CanWest's Sun trial hears it's all true about Robbins
2005-07-27 20:21 ET - Street Wire
by Stockwatch Business Reporter
The Vancovuer Sun's lawyer spent the morning of the 26th day of the Tony Robbins libel trial explaining that the evidence presented at trial shows that Mr. Robbins really is a hypocrite and an adulterer. The Sun's June 7, 2001, article is essentially true, Rob Anderson argued, and if read as a whole, does not defame the self-help guru.
Mr. Robbins is suing The Sun and other media defendants over a series of media stories published in June, 2001. Mr. Robbins claims the stories imply he is an adulterous wife-stealing hypocrite who does not follow his own advice. The media defendants claim their stories do not defame Mr. Robbins, and that except for the adultery imputation, which they state the words do not support, their stories are true.
Media defendants' closing continues
Mr. Anderson continued on his second day of closing arguments by reviewing the June 7, 2001, Vancouver Sun article by Jeff Lee, on the breakdown of the Lynch marriage, offering evidence on each paragraph that he says proves the truth behind the article. The lawyer kept stressing that the various paragraphs of the story were not defamatory, and that if read as a whole, a normal reader gets the impression of a balanced and non-defamatory article.
The article stated that Sage Robbins, formerly known as Bonnie Lynch, "ran off" with Mr. Robbins. The media defendants claim this language is dramatic but not defamatory. As for the sections of the Lee article that said Mr. Robbins was divorcing his wife of the time, and considering his new relationship "a midlife celebration," the worst meaning of the words is that it is ironic that a counsellor and self-help person would find himself in such a situation.
In the middle of the story lies a paragraph which states that Mrs. Robbins's infatuation with Mr. Robbins lead to a breakdown of the Lynch marriage. "It is hard to imagine how the fact that a woman in infatuated with you and wants to leave her marriage to be with you is defamatory," Mr. Anderson said.
The article is balanced, Mr. Anderson repeated many times throughout the morning.

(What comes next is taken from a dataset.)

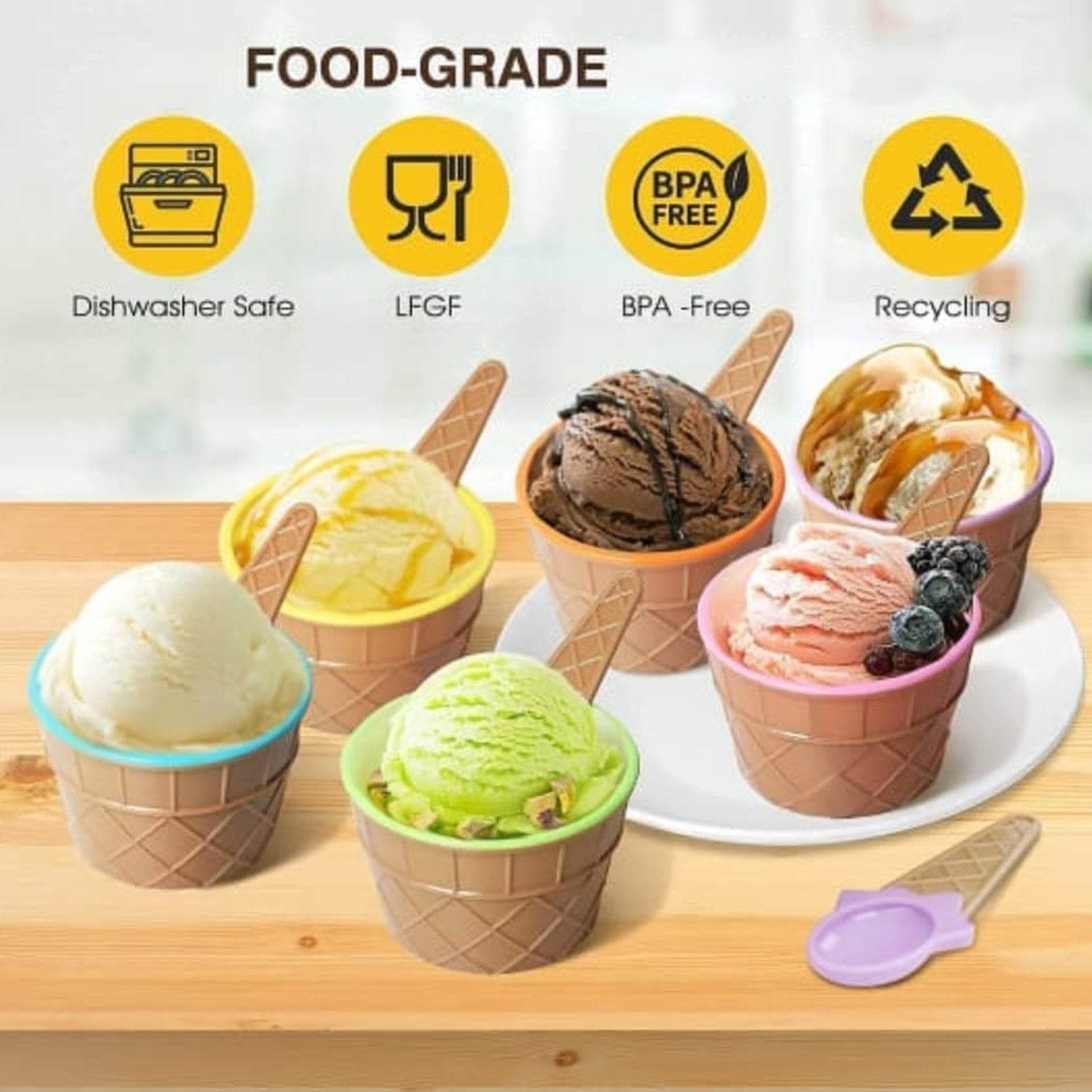 Ice Cream Waffle Bowl Set with Spoon – 2 Units - infinityexculsivestore.com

For every instance where a line might reflect badly on Mr. Robbins, there is also information from the "other side" of the story. The story of Mr. Lynch is contradicted, and his character cast into question, by Sharon Humphrey, Mrs. Robbins's mother, and Stephen Jaffe, Mr. Robbins's spokesman.
"Significantly ... it is Mr. Lynch and not Mr. Robbins who is responsible for Bonnie leaving her marriage. Although none of the individuals quoted in the article say so, it is apparent to any 21st century reader that neither Mr. Lynch not Mr. Robbins made the critical decision. Bonnie Lynch is a responsible adult woman, and she made the decision," Mr. Anderson said. "The article does not say bad things about Mr. Robbins. The article said that he counsels celebrities, is a multimillionaire and Bonnie became infatuated with him."

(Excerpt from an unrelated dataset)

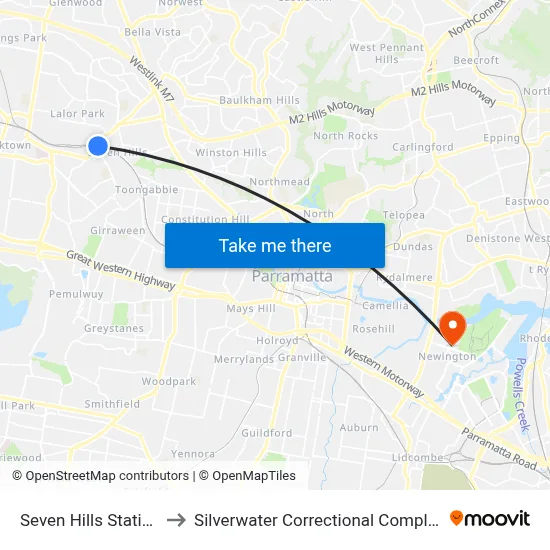 Seven Hills Station to Silverwater Correctional Complex map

Mr. Justice L. Paul Williamson asked Mr. Anderson what he plans to do to address the accusation of hypocrisy that the defendants have admitted. Mr. Anderson replied that it is his position that the Lee article does not cast Mr. Robbins as a hypocrite, only as human.
Mr. Anderson suggested that the judge should not look favourably upon Mr. Robbins for not showing up to have his day in court and testify on his own behalf during his trial. The judge may also wish to think the same way of Mrs. Robbins. Mr. Anderson tried to get Mrs. Robbins in court as a witness, but she claimed she was living in California, and that the British Columbia courts had no jurisdiction over her. Mr. Robbins and Mrs. Robbins were both on the plaintiff's witness list, but Mr. McConchie ultimately decided not to call to the witness stand.
Lynch attempted suicide
The judge must decide the case on the evidence, Mr. Anderson told the court on July 26, 2005, and the evidence indicates that Mr. Lynch did try to kill himself. "The only conclusion available on the evidence is that Lynch either did attempt suicide or threatened to do so," Mr. Anderson said.
Mr. Anderson went back to the testimony of Gary Sir John Carlsen III, Mr. Lynch's onetime legal adviser, on June 24, 2005. Mr. Carlsen testified under oath that he personally intervened to save Mr. Lynch's life, after Mr. Lynch swallowed a bunch of pills. Mr. Carlsen force-fed Mr. Lynch a dry mustard solution to induce the man to vomit. Mr. Carlsen also told a reporter from the Globe & Mail the same story in the week before the trial began.
Mr. McConchie did not deal with the mustard story during Mr. Carlsen's time on the stand, Mr. Anderson pointed out. Mr. Carlsen's Oct. 5, 2004, apology did not retract the mustard episode. That leaves the judge with evidence that Mr. Lynch did try to kill himself.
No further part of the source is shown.